By Pankaj Mishra  /  THE GUARDIAN , LONDON

In actuality, the everyday choices of most Muslims in Europe are dictated more by their experience of globalized economies and cultures than their readings in the Koran or Shariah. Along with their Hindu and Sikh peers, many Muslims in Europe suffer from the usual pathologies of traditional rural communities transitioning to urban secular cultures: The encounter with social and economic individualism inevitably provokes a crisis of control in nuclear families, as well as such ills as forced marriage, the poor treatment of women and militant sectarianism.

However, in practice, millions of Muslims, many of them with bitter experiences of authoritarian states, coexist frictionlessly and gratefully with regimes committed to democracy, freedom of religion and equality before the law.

For many of these Muslim aspirants for full and equal citizenship, the urgent questions are whether the old-style liberalism of many European nation-states, which has traditionally assumed cultural homogeneity, can accommodate minority identity, and whether majority communities in Europe can tolerate expressions of cultural and religious distinctiveness. A part of the secular intellectual priesthood, which cannot survive without its theological opposition between the Enlightenment and Islam, thinks not. In 2004, France’s ban on the wearing of head­scar­ves in public schools bluntly clarified that Muslims will have to renounce all signs of their religion in order to become fully French.

This expectation of identity suicide has a rather grim history in enlightened Europe. Voltaire burnished his credentials as a defender of reason and civility with attacks on “ignorant” and “barbarous” Jews who, as slaves to their scripture, were, “all of them, born with raging fanaticism in their hearts.” (The Nazis put together a sizable anthology of Voltaire’s rants against Jews.) Accused of mistreating their women and proliferating with devious rapidity, and goaded to abandon their religious and cultural baggage, many Jews in the 19th century paid an even higher cost of “integration” than that confronting Muslims today in France.
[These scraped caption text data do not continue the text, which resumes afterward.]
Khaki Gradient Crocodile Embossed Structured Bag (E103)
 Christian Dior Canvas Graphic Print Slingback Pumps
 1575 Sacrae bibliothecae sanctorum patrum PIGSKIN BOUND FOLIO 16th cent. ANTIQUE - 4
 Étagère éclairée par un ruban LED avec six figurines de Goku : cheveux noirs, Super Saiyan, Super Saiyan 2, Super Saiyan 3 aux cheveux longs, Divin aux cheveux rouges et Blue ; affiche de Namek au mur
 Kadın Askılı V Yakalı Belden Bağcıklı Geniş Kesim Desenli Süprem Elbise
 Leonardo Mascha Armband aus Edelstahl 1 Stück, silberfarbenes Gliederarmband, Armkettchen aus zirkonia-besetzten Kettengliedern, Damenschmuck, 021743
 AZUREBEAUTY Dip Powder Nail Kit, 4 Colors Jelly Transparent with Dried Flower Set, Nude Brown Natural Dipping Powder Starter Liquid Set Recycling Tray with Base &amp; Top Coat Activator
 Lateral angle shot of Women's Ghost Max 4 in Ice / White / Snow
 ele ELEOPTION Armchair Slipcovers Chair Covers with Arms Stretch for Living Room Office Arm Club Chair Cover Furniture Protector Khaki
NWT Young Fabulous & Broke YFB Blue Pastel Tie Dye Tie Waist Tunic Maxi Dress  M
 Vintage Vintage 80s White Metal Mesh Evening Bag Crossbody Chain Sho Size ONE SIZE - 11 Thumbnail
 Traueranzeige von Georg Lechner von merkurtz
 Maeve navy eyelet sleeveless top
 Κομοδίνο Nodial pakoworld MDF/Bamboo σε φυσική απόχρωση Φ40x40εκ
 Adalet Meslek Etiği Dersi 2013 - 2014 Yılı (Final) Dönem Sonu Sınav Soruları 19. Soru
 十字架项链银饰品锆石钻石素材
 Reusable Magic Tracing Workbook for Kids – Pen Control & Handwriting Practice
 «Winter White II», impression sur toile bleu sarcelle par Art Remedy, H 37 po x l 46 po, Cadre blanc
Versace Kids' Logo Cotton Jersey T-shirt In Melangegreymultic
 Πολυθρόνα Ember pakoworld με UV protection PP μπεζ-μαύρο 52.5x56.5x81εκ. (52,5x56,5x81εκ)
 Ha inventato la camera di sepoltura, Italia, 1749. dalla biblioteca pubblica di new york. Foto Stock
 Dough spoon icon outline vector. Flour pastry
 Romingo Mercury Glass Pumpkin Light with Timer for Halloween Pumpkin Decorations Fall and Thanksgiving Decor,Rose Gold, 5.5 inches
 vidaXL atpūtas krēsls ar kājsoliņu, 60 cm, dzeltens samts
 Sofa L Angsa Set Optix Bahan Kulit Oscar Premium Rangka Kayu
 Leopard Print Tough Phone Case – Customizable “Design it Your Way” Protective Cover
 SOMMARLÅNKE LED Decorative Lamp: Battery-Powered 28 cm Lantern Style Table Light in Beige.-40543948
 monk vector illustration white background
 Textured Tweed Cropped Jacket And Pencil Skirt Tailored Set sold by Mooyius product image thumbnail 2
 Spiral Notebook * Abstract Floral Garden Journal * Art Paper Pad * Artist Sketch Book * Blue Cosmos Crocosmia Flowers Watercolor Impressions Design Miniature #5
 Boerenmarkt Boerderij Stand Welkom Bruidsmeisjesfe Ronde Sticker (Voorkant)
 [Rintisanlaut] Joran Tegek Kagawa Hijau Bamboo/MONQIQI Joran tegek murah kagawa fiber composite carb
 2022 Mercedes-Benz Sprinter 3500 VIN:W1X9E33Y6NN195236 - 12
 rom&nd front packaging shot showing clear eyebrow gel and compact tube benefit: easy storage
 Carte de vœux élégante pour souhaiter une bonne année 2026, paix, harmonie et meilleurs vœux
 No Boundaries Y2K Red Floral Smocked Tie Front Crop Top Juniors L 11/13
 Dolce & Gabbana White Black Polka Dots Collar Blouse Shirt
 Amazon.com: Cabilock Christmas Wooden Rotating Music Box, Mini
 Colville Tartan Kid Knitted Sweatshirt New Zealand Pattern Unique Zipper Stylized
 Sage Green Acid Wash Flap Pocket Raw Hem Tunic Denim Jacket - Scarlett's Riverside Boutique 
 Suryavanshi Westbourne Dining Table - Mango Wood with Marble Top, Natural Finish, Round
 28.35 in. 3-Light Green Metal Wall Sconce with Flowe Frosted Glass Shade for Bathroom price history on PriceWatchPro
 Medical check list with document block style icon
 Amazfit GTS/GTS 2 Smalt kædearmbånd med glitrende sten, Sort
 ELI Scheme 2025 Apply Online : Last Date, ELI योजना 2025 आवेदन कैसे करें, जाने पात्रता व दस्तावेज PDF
As it turned out, those Jews who suppressed the Torah and Talmud and underwent drastic embourgeoisement became even more vulnerable to malign prejudice in post-Enlightenment Europe’s secular nation-states. The persecution of Alfred Dreyfus in France convinced Theodore Herzl, the creator of modern Zionism, that “the Jew who tries to adapt himself to his environment, to speak its languages, to think its thoughts” would remain a potentially treacherous “alien” in the secular West. Reporting in the 1920s on Jewish communities exposed to a particularly vicious recrudescence of anti-Semitism, the novelist Joseph Roth denounced assimilation as a dangerous illusion, blaming its failure on the “habitual bias that governs the actions, decisions, and opinions of the average western European.”

Roth, who trusted Europe’s old “fear of God” more than its “so-called modern humanism,” bluntly questioned the “civilizing missions” of European empires in Asia and Africa in a preface he wrote to his book in 1937: “What is it,” he asked, “that allows European states to go spreading civilization and ethics in foreign parts but not at home?”

Joan Wallach Scott’s account of France’s colonial history reveals that violent prejudice against religious and racial “others” was also an intrinsic part of spreading European civilization and ethics abroad. The veil, fixed in the 19th century by the French as a symbol of Islam’s primitive backwardness, was used to justify the brutal pacification of north African Muslims and to exclude them from full citizenship. Geoffrey Brahm Levey and Tariq Modood, the editors of Secularism, Religion and Multicultural Citizenship, write: “How Muslims are perceived today is connected to how they have been perceived and treated by European empires and their racial hierarchies.”